Your instructions:
The response must consist of the lines below from the one with "Manga Studio Debut - finestra proprietà balloon 1 Manga" through the one with "Stewart Warner 1930's", exactly as they appear and with both ends kept.

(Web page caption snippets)
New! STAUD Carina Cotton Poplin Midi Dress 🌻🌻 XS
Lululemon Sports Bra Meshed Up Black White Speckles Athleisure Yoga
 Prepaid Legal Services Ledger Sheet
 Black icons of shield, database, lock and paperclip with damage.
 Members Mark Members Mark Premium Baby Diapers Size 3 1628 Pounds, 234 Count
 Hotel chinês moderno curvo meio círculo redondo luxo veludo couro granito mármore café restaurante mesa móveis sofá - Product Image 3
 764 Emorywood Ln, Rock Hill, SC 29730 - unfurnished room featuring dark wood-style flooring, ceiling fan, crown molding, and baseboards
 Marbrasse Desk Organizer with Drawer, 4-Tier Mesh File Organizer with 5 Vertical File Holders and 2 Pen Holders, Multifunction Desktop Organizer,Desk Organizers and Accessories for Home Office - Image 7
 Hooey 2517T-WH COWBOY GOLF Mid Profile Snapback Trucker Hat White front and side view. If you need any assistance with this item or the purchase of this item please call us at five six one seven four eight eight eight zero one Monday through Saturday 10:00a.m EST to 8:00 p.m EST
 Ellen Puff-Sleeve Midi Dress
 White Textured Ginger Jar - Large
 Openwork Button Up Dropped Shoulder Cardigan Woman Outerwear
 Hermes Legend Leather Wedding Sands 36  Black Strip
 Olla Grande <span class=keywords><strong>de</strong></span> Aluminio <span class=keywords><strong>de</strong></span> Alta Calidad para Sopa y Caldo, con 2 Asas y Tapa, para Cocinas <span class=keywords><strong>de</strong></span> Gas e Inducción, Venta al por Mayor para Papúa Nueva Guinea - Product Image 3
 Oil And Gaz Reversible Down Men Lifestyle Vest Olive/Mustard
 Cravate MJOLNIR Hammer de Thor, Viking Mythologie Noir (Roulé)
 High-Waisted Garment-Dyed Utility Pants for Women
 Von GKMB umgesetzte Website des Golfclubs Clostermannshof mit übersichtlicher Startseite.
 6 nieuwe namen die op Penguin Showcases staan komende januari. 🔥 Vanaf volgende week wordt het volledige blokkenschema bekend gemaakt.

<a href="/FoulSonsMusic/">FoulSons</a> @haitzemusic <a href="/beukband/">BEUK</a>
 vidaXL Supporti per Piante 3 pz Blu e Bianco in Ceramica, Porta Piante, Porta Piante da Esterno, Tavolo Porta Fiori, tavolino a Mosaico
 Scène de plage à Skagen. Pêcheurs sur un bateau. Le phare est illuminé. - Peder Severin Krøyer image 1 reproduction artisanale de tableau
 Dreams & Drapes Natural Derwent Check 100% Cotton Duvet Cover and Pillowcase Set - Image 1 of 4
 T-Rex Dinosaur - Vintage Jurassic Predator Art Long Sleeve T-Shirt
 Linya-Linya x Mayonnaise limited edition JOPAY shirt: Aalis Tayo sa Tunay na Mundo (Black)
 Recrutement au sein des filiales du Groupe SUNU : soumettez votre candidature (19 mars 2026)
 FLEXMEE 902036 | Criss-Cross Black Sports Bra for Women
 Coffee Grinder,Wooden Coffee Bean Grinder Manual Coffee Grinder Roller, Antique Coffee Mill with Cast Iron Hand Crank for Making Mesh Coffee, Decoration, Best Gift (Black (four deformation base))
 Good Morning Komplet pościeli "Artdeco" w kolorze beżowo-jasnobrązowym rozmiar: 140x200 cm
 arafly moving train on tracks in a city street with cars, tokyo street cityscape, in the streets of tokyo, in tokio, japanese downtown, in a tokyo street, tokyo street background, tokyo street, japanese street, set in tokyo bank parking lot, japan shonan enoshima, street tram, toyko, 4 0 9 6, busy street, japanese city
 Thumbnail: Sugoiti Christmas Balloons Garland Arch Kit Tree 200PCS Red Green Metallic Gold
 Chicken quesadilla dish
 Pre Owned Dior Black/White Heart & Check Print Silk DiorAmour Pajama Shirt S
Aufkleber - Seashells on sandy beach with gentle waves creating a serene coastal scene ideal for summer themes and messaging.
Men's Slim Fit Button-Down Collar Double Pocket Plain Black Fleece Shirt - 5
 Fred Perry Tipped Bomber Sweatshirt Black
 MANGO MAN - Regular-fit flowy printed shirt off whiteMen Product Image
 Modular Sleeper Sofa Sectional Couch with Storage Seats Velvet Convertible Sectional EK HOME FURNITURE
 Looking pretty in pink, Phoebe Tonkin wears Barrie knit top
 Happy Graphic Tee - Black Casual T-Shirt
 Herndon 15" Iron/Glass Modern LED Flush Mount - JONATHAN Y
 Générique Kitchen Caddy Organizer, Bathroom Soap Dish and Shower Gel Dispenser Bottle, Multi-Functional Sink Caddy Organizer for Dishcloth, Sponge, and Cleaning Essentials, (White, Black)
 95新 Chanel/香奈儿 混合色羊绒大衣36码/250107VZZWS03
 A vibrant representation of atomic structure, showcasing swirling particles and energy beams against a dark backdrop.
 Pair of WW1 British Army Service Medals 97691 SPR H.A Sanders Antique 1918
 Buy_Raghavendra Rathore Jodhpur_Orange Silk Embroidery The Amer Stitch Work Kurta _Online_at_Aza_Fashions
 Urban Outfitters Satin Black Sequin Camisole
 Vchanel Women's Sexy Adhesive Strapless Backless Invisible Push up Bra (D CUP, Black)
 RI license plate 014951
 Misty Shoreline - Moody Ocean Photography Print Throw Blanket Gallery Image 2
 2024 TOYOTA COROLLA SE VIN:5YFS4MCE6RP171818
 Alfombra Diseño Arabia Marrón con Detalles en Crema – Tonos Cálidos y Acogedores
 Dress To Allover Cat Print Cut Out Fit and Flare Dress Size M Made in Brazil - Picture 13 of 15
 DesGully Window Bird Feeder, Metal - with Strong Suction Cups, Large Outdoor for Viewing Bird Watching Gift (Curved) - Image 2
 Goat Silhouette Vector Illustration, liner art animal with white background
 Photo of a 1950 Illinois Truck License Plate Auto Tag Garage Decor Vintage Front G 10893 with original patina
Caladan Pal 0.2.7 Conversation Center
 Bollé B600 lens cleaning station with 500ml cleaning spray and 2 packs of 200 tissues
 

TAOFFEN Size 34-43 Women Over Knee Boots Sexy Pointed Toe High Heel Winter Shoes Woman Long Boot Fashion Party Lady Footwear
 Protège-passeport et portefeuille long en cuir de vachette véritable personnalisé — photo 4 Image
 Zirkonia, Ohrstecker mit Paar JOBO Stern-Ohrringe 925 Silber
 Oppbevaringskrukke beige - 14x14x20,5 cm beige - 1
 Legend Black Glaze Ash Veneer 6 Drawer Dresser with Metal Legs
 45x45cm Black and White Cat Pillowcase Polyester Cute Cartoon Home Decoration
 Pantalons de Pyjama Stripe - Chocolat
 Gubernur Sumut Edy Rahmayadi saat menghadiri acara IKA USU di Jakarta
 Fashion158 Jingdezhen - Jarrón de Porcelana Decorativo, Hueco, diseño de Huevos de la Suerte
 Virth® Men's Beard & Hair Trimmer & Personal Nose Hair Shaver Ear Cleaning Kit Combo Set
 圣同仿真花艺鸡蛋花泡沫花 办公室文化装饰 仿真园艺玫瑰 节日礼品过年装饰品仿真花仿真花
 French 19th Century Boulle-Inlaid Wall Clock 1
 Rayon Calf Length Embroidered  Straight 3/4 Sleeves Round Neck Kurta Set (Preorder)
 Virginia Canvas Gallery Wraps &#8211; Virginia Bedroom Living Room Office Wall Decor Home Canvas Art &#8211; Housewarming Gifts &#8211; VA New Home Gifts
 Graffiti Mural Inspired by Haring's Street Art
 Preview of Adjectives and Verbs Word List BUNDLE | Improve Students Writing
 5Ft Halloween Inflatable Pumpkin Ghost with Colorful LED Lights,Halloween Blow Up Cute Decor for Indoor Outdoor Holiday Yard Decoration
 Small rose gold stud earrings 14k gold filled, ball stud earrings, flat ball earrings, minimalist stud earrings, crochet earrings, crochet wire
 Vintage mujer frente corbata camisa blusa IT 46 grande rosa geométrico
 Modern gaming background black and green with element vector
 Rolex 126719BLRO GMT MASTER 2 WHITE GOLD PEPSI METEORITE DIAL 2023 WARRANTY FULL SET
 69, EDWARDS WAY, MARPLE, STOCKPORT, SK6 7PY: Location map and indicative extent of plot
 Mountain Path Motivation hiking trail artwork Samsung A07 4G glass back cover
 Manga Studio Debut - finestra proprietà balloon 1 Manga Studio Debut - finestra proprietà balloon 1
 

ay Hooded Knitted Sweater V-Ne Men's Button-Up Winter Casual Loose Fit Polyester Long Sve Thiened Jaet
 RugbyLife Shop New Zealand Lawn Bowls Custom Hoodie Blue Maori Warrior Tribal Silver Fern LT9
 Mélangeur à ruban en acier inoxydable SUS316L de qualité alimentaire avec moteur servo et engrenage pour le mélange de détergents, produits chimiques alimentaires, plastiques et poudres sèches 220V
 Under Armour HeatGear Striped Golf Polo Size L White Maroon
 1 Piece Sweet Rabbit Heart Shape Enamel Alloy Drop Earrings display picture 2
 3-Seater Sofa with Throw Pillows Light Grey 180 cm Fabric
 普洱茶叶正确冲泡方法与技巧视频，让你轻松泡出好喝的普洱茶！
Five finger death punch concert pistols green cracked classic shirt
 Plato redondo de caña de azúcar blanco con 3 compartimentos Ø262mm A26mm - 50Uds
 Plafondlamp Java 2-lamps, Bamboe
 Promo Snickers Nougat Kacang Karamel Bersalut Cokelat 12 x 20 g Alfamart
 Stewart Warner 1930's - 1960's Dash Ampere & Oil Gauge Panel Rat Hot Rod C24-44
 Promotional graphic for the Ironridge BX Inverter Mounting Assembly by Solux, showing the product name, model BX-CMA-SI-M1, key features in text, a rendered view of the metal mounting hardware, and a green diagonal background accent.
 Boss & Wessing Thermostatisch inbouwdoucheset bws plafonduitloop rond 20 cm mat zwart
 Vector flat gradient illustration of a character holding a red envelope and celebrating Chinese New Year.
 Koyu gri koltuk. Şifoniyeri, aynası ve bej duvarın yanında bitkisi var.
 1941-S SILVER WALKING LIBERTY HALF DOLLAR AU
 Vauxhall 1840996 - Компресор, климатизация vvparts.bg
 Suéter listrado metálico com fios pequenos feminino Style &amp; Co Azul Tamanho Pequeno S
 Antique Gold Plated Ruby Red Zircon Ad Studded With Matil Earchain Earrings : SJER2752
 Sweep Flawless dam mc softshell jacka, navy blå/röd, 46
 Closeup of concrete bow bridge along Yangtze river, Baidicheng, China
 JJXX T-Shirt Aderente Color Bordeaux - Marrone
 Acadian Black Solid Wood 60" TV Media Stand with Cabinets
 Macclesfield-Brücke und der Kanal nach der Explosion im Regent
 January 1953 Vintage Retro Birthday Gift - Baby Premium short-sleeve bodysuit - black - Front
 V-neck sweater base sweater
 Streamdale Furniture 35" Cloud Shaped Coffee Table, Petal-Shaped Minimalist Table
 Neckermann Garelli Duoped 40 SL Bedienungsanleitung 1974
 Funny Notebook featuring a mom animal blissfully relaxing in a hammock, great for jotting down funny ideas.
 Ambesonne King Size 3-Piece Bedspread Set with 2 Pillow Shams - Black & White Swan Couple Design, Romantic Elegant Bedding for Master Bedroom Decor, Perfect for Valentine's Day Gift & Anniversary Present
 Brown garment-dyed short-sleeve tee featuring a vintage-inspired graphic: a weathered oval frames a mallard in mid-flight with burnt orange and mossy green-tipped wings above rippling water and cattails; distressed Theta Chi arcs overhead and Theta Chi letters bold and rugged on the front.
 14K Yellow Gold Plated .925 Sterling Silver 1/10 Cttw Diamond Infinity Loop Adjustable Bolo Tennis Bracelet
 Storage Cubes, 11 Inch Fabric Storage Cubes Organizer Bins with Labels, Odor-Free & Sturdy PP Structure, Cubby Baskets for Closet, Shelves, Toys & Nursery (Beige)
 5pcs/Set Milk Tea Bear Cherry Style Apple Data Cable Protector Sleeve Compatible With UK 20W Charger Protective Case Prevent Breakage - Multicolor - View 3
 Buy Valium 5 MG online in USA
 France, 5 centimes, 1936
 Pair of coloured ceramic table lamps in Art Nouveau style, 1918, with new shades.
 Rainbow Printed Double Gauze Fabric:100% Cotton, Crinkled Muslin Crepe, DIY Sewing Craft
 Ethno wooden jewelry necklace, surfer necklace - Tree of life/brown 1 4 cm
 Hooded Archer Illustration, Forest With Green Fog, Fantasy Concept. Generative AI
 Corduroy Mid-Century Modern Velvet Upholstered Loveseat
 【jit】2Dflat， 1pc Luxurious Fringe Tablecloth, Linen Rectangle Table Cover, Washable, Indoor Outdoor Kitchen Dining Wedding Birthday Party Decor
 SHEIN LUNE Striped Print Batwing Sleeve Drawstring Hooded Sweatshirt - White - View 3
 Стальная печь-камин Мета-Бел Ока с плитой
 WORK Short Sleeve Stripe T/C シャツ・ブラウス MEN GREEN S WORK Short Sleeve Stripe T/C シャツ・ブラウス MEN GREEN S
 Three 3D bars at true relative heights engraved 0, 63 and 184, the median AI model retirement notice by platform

Task solution:
 Manga Studio Debut - finestra proprietà balloon 1 Manga Studio Debut - finestra proprietà balloon 1
 

ay Hooded Knitted Sweater V-Ne Men's Button-Up Winter Casual Loose Fit Polyester Long Sve Thiened Jaet
 RugbyLife Shop New Zealand Lawn Bowls Custom Hoodie Blue Maori Warrior Tribal Silver Fern LT9
 Mélangeur à ruban en acier inoxydable SUS316L de qualité alimentaire avec moteur servo et engrenage pour le mélange de détergents, produits chimiques alimentaires, plastiques et poudres sèches 220V
 Under Armour HeatGear Striped Golf Polo Size L White Maroon
 1 Piece Sweet Rabbit Heart Shape Enamel Alloy Drop Earrings display picture 2
 3-Seater Sofa with Throw Pillows Light Grey 180 cm Fabric
 普洱茶叶正确冲泡方法与技巧视频，让你轻松泡出好喝的普洱茶！
Five finger death punch concert pistols green cracked classic shirt
 Plato redondo de caña de azúcar blanco con 3 compartimentos Ø262mm A26mm - 50Uds
 Plafondlamp Java 2-lamps, Bamboe
 Promo Snickers Nougat Kacang Karamel Bersalut Cokelat 12 x 20 g Alfamart
 Stewart Warner 1930's - 1960's Dash Ampere & Oil Gauge Panel Rat Hot Rod C24-44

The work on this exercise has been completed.